Requirement. Please retype the data in full and exactly; the pictures are not part of the copy.
══ Dataset section ══
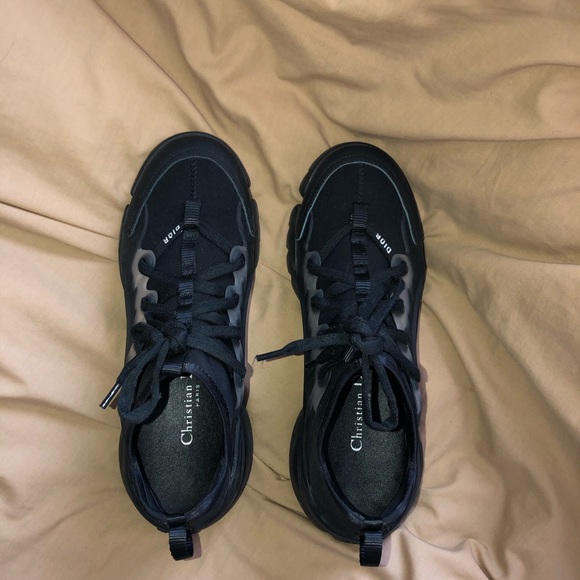 dior sneakers d connect black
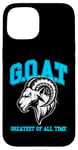 iPhone 15 G.O.A.T. Shirt, Goat shirt, greatest of all time, retro rap Case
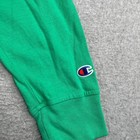 Champion Long Sleeve Hoodie Shirt Green Graphic Print Mens Medium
═══
Answer area.
 dior sneakers d connect black
 iPhone 15 G.O.A.T. Shirt, Goat shirt, greatest of all time, retro rap Case
 Champion Long Sleeve Hoodie Shirt Green Graphic Print Mens Medium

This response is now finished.